Clasp isn’t disclosing it’s cancer targets just yet. But Ross said they are mutations that don’t exist in human bodies except in malignant tissue. Also, Clasp can go after targets that are inside of a cell. The targeting ability of the antibodies that comprise currently available T cell engagers can only address targets on a cell’s surface. Clasp’s approach leverages the human leukocyte antigen (HLA) system, which presents proteins on the surface of a cell to tell the immune system which cells belong to the body and which do not. Even when a tumor target is inside a cell, HLA still presents peptides from that target on the cellular surface. By going after that specific signature, Clasp’s drugs can hit intracellular tumor targets and avoid healthy tissue, Ross said.

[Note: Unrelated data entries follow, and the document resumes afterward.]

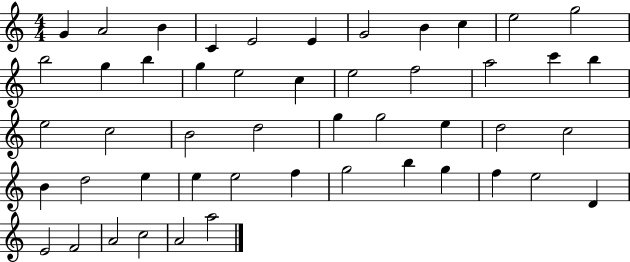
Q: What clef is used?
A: treble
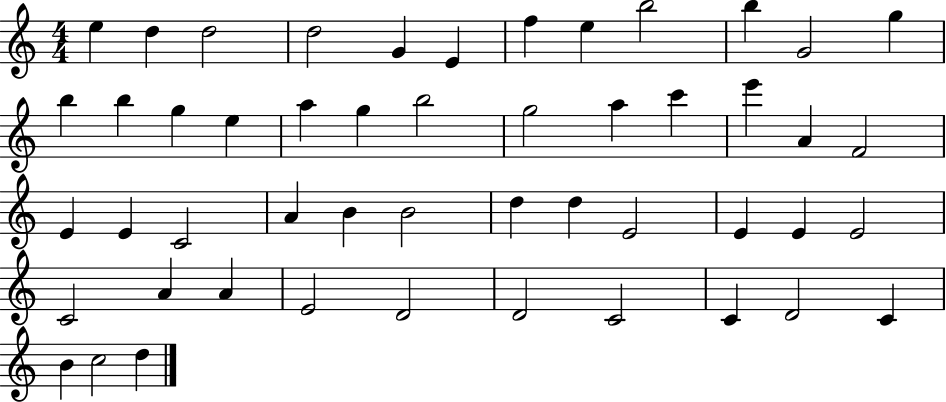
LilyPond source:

{
  \clef treble
  \numericTimeSignature
  \time 4/4
  \key c \major
  e''4 d''4 d''2 | d''2 g'4 e'4 | f''4 e''4 b''2 | b''4 g'2 g''4 | \break b''4 b''4 g''4 e''4 | a''4 g''4 b''2 | g''2 a''4 c'''4 | e'''4 a'4 f'2 | \break e'4 e'4 c'2 | a'4 b'4 b'2 | d''4 d''4 e'2 | e'4 e'4 e'2 | \break c'2 a'4 a'4 | e'2 d'2 | d'2 c'2 | c'4 d'2 c'4 | \break b'4 c''2 d''4 | \bar "|."
}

One of the ongoing problems of cancer immunotherapy is patient selection. Clasp addresses that by designing a therapy to address a particular combination of a cancer-driving mutation and HLA type. It’s here where Clasp builds on existing clinical practice. HLA typing has been done for years as a way to match organs to transplant patients, Ross explained. There are tests for that. Those tests can also be used to understand if a patient has the right HLA type for a Clasp drug.

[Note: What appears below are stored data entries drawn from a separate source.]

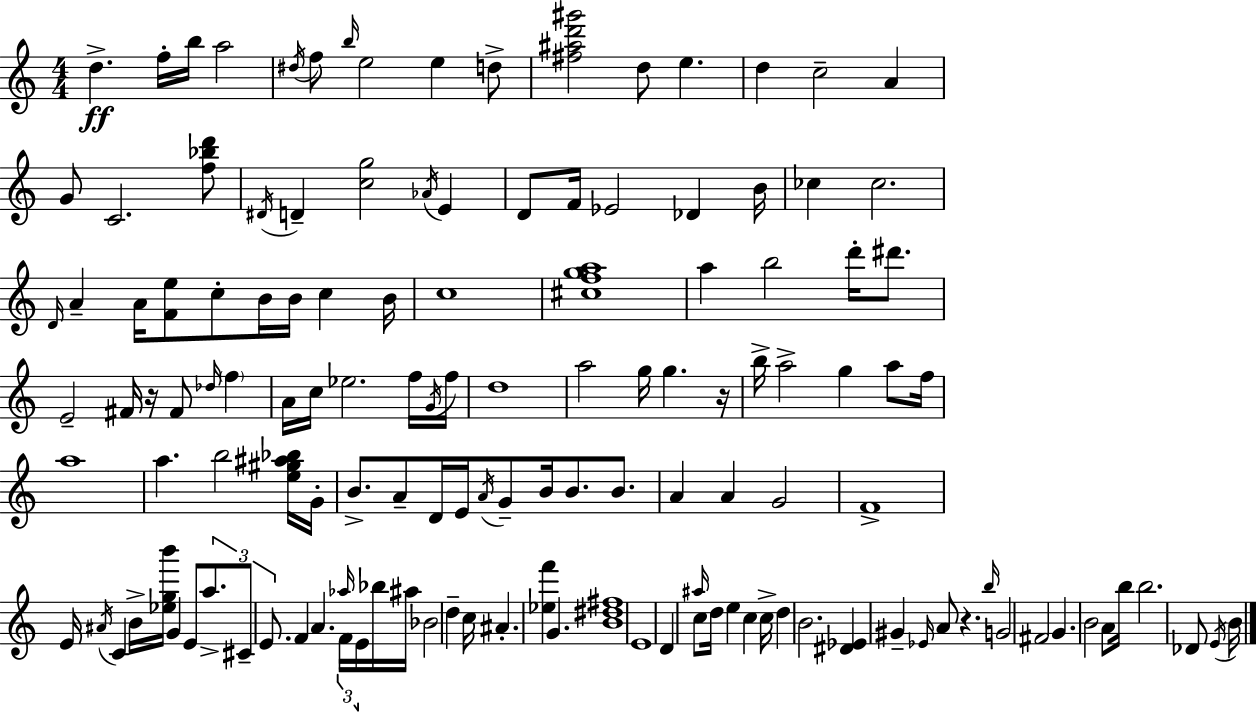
{
  \clef treble
  \numericTimeSignature
  \time 4/4
  \key a \minor
  d''4.->\ff f''16-. b''16 a''2 | \acciaccatura { dis''16 } f''8 \grace { b''16 } e''2 e''4 | d''8-> <fis'' ais'' d''' gis'''>2 d''8 e''4. | d''4 c''2-- a'4 | \break g'8 c'2. | <f'' bes'' d'''>8 \acciaccatura { dis'16 } d'4-- <c'' g''>2 \acciaccatura { aes'16 } | e'4 d'8 f'16 ees'2 des'4 | b'16 ces''4 ces''2. | \break \grace { d'16 } a'4-- a'16 <f' e''>8 c''8-. b'16 b'16 | c''4 b'16 c''1 | <cis'' f'' g'' a''>1 | a''4 b''2 | \break d'''16-. dis'''8. e'2-- fis'16 r16 fis'8 | \grace { des''16 } \parenthesize f''4 a'16 c''16 ees''2. | f''16 \acciaccatura { g'16 } f''16 d''1 | a''2 g''16 | \break g''4. r16 b''16-> a''2-> | g''4 a''8 f''16 a''1 | a''4. b''2 | <e'' gis'' ais'' bes''>16 g'16-. b'8.-> a'8-- d'16 e'16 \acciaccatura { a'16 } g'8-- | \break b'16 b'8. b'8. a'4 a'4 | g'2 f'1-> | e'16 \acciaccatura { ais'16 } c'4 b'16-> <ees'' g'' b'''>16 | g'4 e'8 \tuplet 3/2 { a''8.-> cis'8-- e'8. } f'4 | \break a'4. \tuplet 3/2 { \grace { aes''16 } f'16 e'16 } bes''16 ais''16 bes'2 | d''4-- c''16 ais'4.-. | <ees'' f'''>4 g'4. <b' dis'' fis''>1 | e'1 | \break d'4 \grace { ais''16 } c''8 | d''16 e''4 c''4 c''16-> d''4 b'2. | <dis' ees'>4 gis'4-- | \grace { ees'16 } a'8 r4. \grace { b''16 } g'2 | \break fis'2 g'4. | b'2 a'8 b''16 b''2. | des'8 \acciaccatura { e'16 } b'16 \bar "|."
}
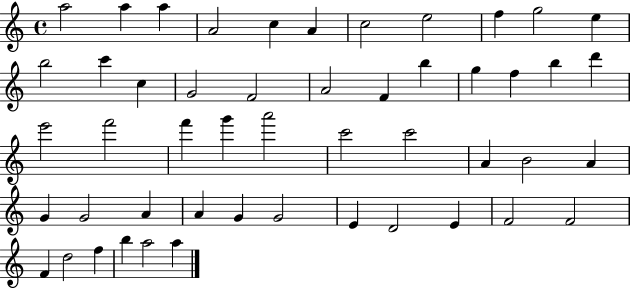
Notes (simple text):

A5/h A5/q A5/q A4/h C5/q A4/q C5/h E5/h F5/q G5/h E5/q B5/h C6/q C5/q G4/h F4/h A4/h F4/q B5/q G5/q F5/q B5/q D6/q E6/h F6/h F6/q G6/q A6/h C6/h C6/h A4/q B4/h A4/q G4/q G4/h A4/q A4/q G4/q G4/h E4/q D4/h E4/q F4/h F4/h F4/q D5/h F5/q B5/q A5/h A5/q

Clasp’s approach is not as personalized as a CAR T-therapy, which is made by engineering a patient’s own immune cells. But designing a drug for a particular HLA type offers what Ross calls a “spectrum of personalization,” a well-defined group of patients who have a particular cancer mutation and a specific allele. The scope of patients eligible for a Clasp drug will be smaller than that of say, a checkpoint inhibitor. But one problem with that type of immunotherapy is some patients don’t benefit and it’s not clear why. Going after a defined patient spectrum means there’s a much better sense of who will benefit and who will not, Ross said. He added that as someone who earlier in his career was a practicing oncologist, there’s also value in telling patients which treatments won’t work for them. But with Clasp’s technology, finding a therapy that will work is a matter of using the same scaffold to design a drug addressing a different cancer mutation and HLA type combination.

“I strongly believe in the power of immuno-oncology,” said Ross, whose experience includes senior roles at Bluebird Bio and Surface Oncology. “I also strongly believe we need to do a better job in selecting patients.”